Only the text should come through, so restate the listing exactly and drop its images.
====== Exercise materials
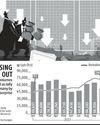 Trading activity dips in Oct despite market buoyancy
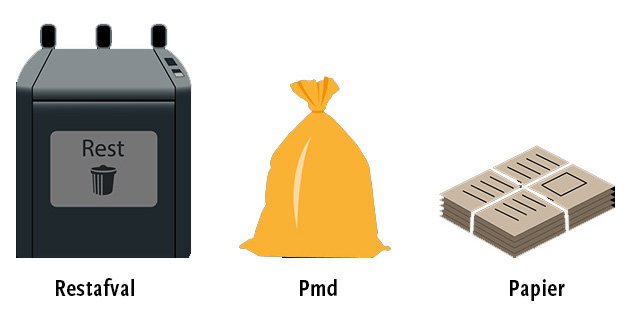 Afbeelding met daarop een voorbeeld van een ondergrondse restafvalcontainer, een Pmd-zak en een stapel papier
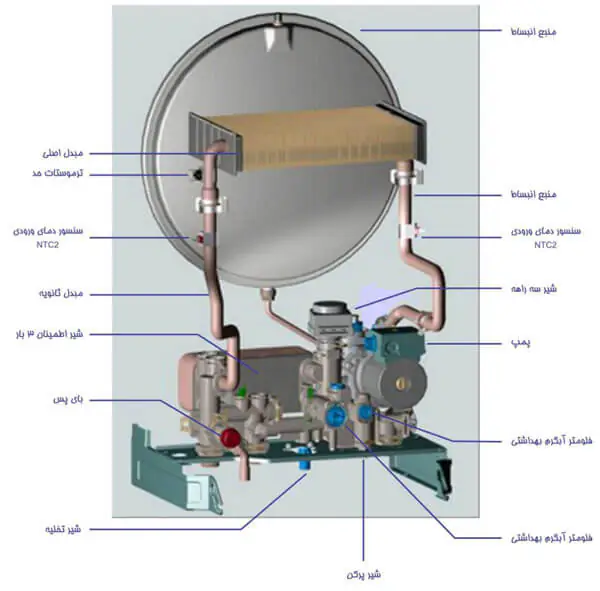 آشنایی با قطعات پکیج ایساتیس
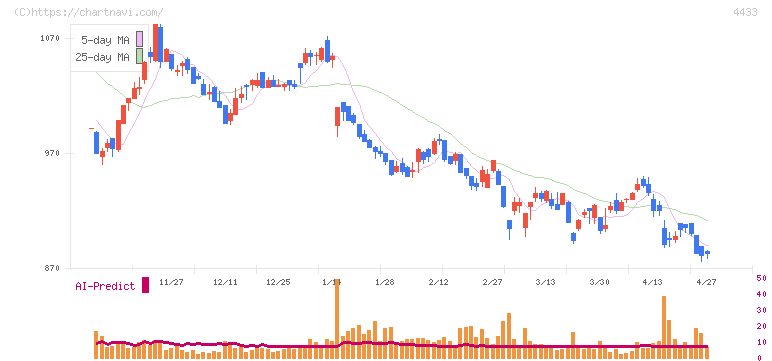 ヒト・コミュニケーションズ・ホールディングス(4433)の日足チャート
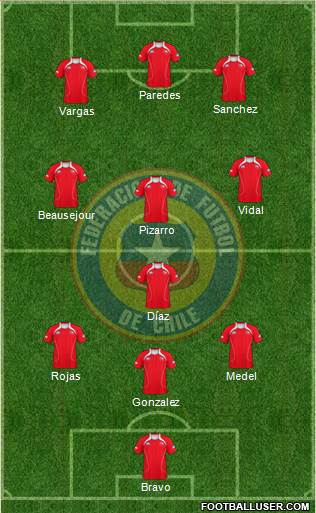 Chile Formation 2013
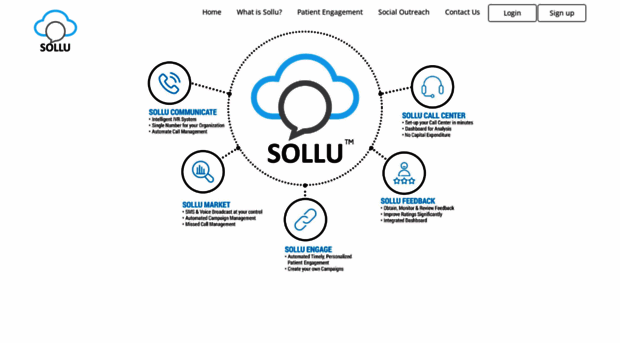 spld3v.sollu.in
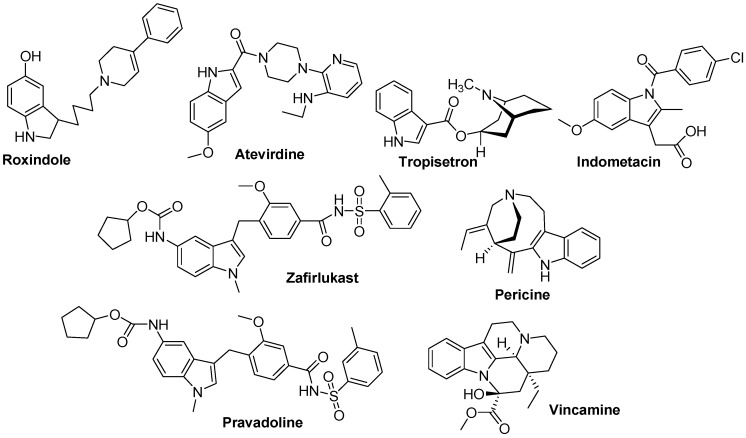 Figure 12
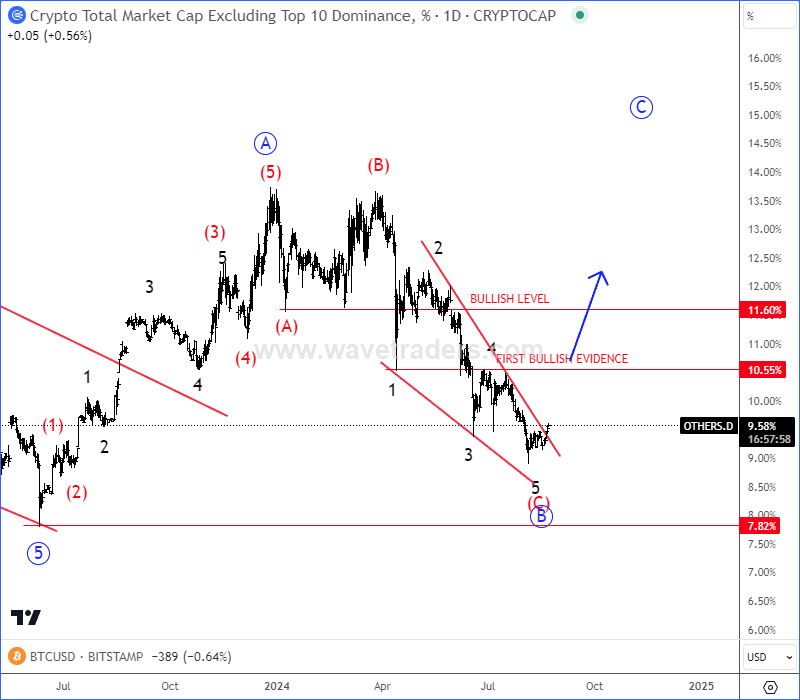 Is ALTseason Finally Back? OTHERS.D Daily Chart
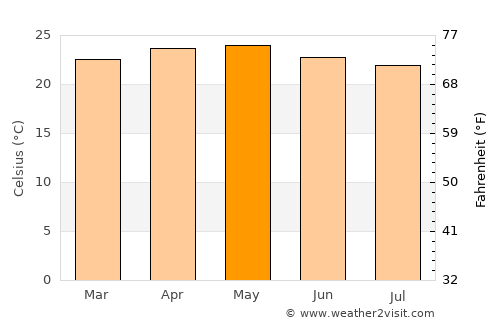 Olinalá average temperature in May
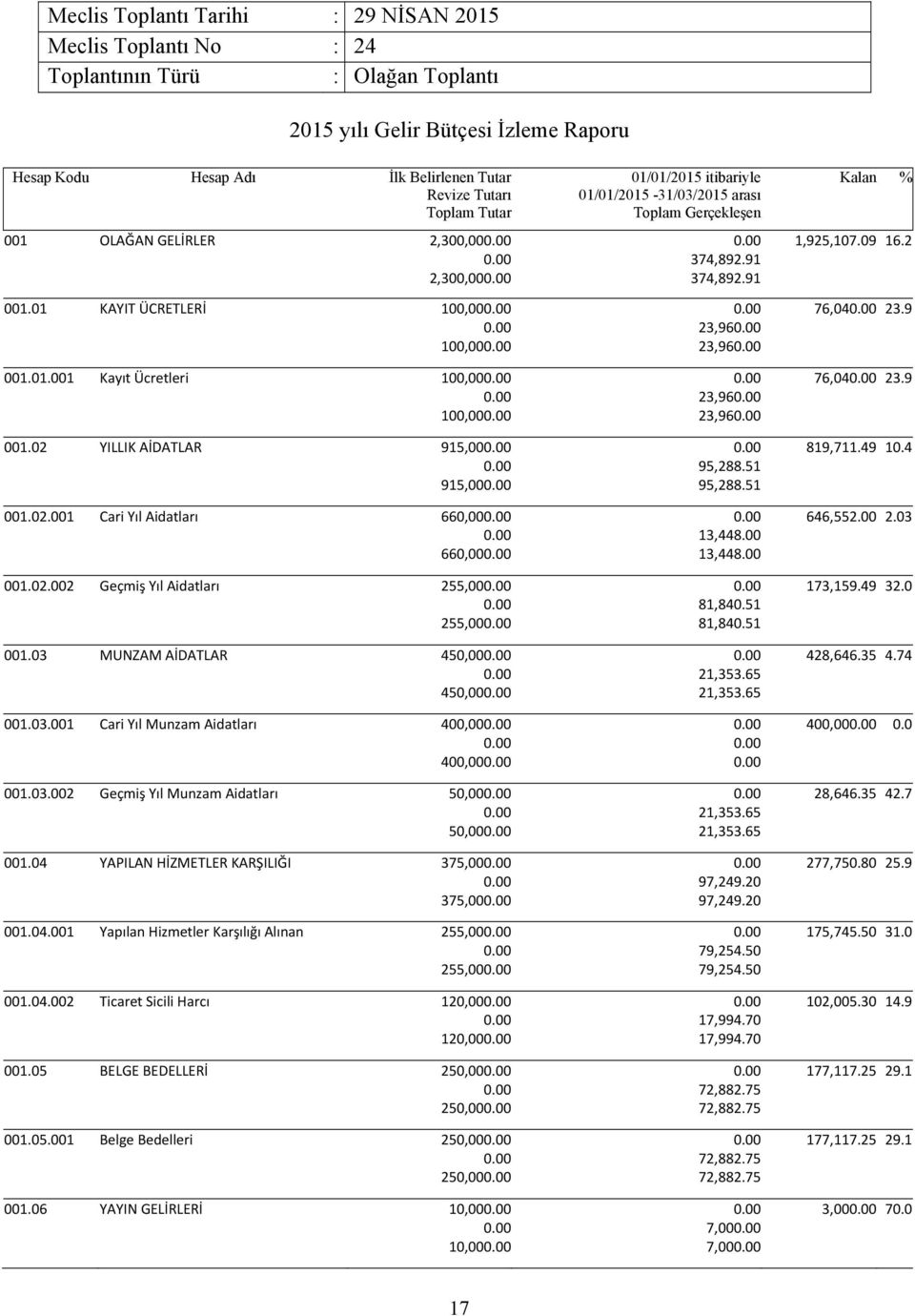 03 MUNZAM AİDATLAR 450,00 450,00 001.03.001 Cari Yıl Munzam Aidatları 400,00 400,00 001.03.002 Geçmiş Yıl Munzam Aidatları 50,00 50,00 001.04 YAPILAN HİZMETLER KARŞILIĞI 375,00 375,00 001.04.001 Yapılan Hizmetler Karşılığı Alınan 255,00 255,00 001.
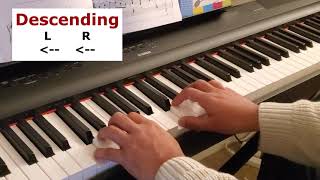 How to play Formula Patterns | C Major | 2 Octaves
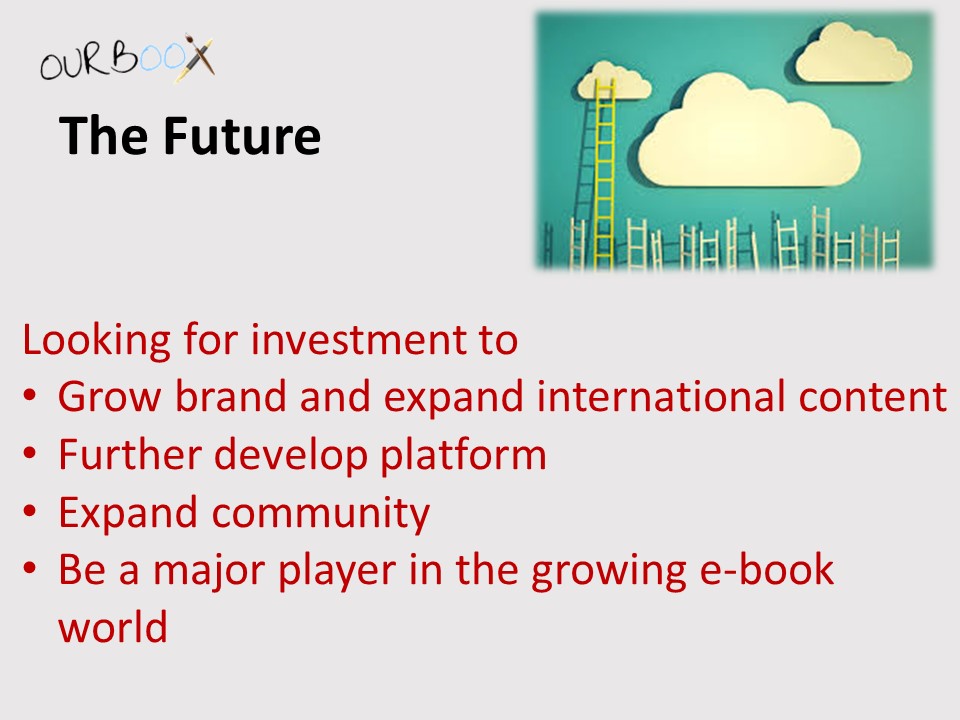 Ourboox Pitch by Mel Rosenberg - מל רוזנברג - Ourboox.com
============
• _Final answer_
 Trading activity dips in Oct despite market buoyancy
 Afbeelding met daarop een voorbeeld van een ondergrondse restafvalcontainer, een Pmd-zak en een stapel papier
 آشنایی با قطعات پکیج ایساتیس
 ヒト・コミュニケーションズ・ホールディングス(4433)の日足チャート
 Chile Formation 2013
 spld3v.sollu.in
 Figure 12
 Is ALTseason Finally Back? OTHERS.D Daily Chart
 Olinalá average temperature in May
 03 MUNZAM AİDATLAR 450,00 450,00 001.03.001 Cari Yıl Munzam Aidatları 400,00 400,00 001.03.002 Geçmiş Yıl Munzam Aidatları 50,00 50,00 001.04 YAPILAN HİZMETLER KARŞILIĞI 375,00 375,00 001.04.001 Yapılan Hizmetler Karşılığı Alınan 255,00 255,00 001.
 How to play Formula Patterns | C Major | 2 Octaves
 Ourboox Pitch by Mel Rosenberg - מל רוזנברג - Ourboox.com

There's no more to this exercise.